What is required:
An exact transcription is needed of the lines below from the one with "Delta Children Fabio" through the one with "гортензий в Орехово-Зуево", with no other lines and no pictures.

Input data:
[Start of section]

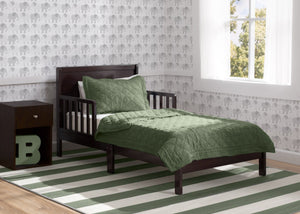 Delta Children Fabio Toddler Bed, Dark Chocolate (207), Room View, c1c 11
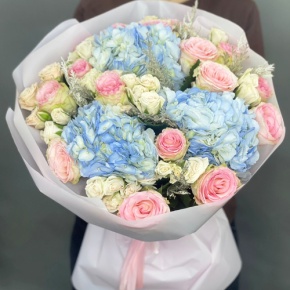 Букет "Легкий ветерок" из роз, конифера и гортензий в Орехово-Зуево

[End of section]
[Start of section]

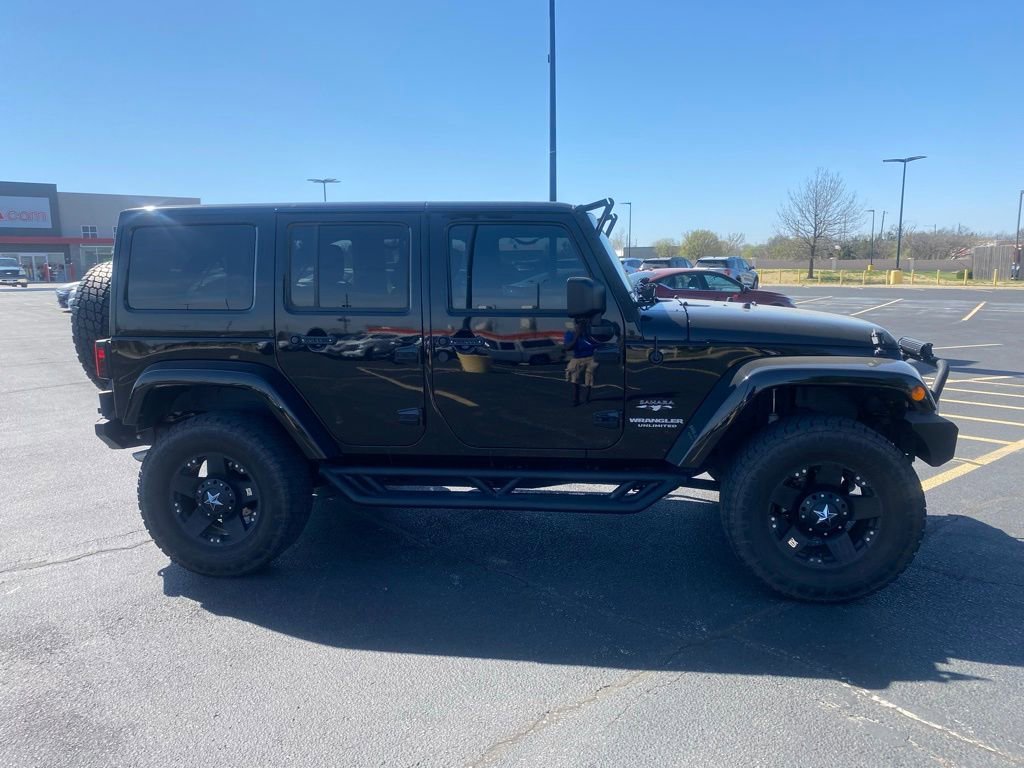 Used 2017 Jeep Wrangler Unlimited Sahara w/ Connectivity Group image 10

[End of section]

Answer to the exercise:
 Delta Children Fabio Toddler Bed, Dark Chocolate (207), Room View, c1c 11
 Букет "Легкий ветерок" из роз, конифера и гортензий в Орехово-Зуево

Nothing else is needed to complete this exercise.